What is a Stablecoin?
What is the purpose of a stablecoin?
Volatile cryptocurrencies such as Bitcoin and Ether make it difficult for participants in an economy to exchange goods or services due to their large fluctuations in value. Stablecoins make it easy for people in DeFi to gain exposure to a stable medium of exchange and transact with a low volatility asset.
Stablecoins allow anyone to send US Dollars instantly around the globe using a censorship-resistant blockchain rather than that traditional banking infrastructure.
Different types of stablecoins
Most stablecoins are pegged to the US Dollar, but the way that each stablecoin achieves its peg can differ. Different stablecoin options allow for users to have diversity in custodians as well as stability mechanisms so they can use a stablecoin that best suits their preferences.
The value of fiat-backed stablecoins is from being backed by US Dollars held in a bank account. For each dollar held, a token is minted onto a blockchain such as Ethereum. Effectively, fiat-backed stablecoins are direct ports of US dollars onto the blockchain with a custodian in the middle.
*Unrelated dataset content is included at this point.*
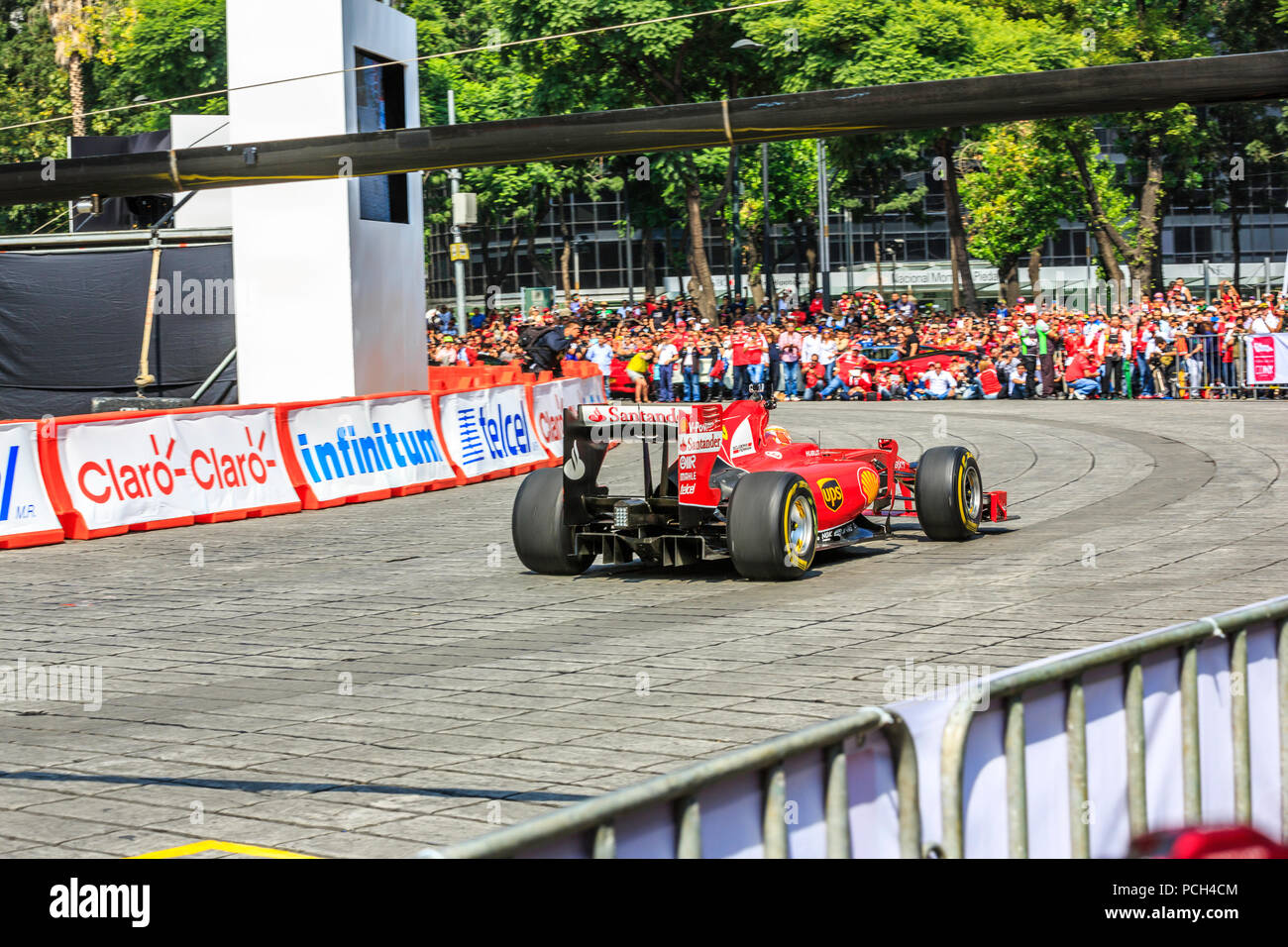 Mexiko City, Mexiko - 08 Juli, 2015: Esteban Gutiérrez, die auf der Straße auf seinem Ferrari F1 F60 Auto am Paseo de la Reforma Avenue. Bei der Scuderia Ferrari Straße Demo von Telcel - ad infinitum. Stockfoto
Some stablecoins are backed by a collection of different assets and derive stability from the fact that the collateral backing them in an auditable smart contract is worth more than the current circulating supply. For example, MakerDAO allows users to mint a stablecoin called DAI, which retains its peg to the US dollar by being backed by several different crypto assets locked up in a smart contract.
More than just USD
DeFi has even begun to offer stablecoins pegged to the most popular global fiat currencies in the form of tokens on Ethereum. Aside from its very popular synthetic USD (sUSD) stablecoin, a protocol for creating derivatives named Synthetix already offers these forex stablecoins.